Essentially, every single Talossan noun has a specific “gender” — either masculine or feminine. Even inanimate objects, such as “desk” and “computer” have gender. That’s just the way it is, and to know Talossan, you have to know what the gender of every single noun is, so that you can surround it with the appropriate (masculine or feminine) forms of other words.
Luckily, Talossan has a very easy way to determine the gender of (almost) any noun. There are a number of words that don’t follow the rules, of course (Talossan wouldn’t be a believable and real language without those!), but essentially:
- if a word ends in -a or -à, it is feminine (unless it ends in -istà)

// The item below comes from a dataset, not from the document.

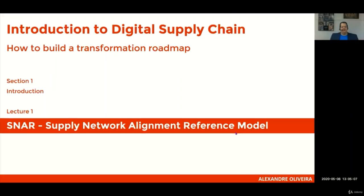Hi, welcome to the Digital Supply Chain course. This is lecture number one, where you will learn about the Supply Network Alignment Reference Model, and we will do it with a very practical set of applications in a warehousing operation.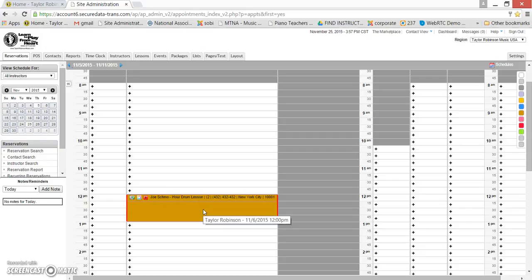Just as a reminder, we send out checks on the 16th and the first of every month, and they include all the lessons that are listed as complete or student no show on your calendar. It's very important that you update your calendar by the 16th and the first of every month so that we get your total that you're owed correct on your check, and so that it doesn't cause our bookkeeper extra time to go back and fix records from previous pay periods.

- if a word ends in -iun, it is feminine
- if a word ends in -ù (or if it is a single-syllable word ending in u, meaning that the u is stressed even though it is not marked as such), it is feminine
- otherwise, the word is masculine.
So if you want to say “a desk”, you would use üna pupitra, using the feminine form of the indefinite article “a” (üna) since pupitra is a feminine gender noun, and if you want to say “a computer”, you would use ün computex. It would be wrong to use ün for a feminine noun, and wrong to use üna for a masculine noun, unless the the sexual (not grammatical) gender of a noun is important to communicate, in which case the article can provide that information. For example, üna cadì (= a female judge).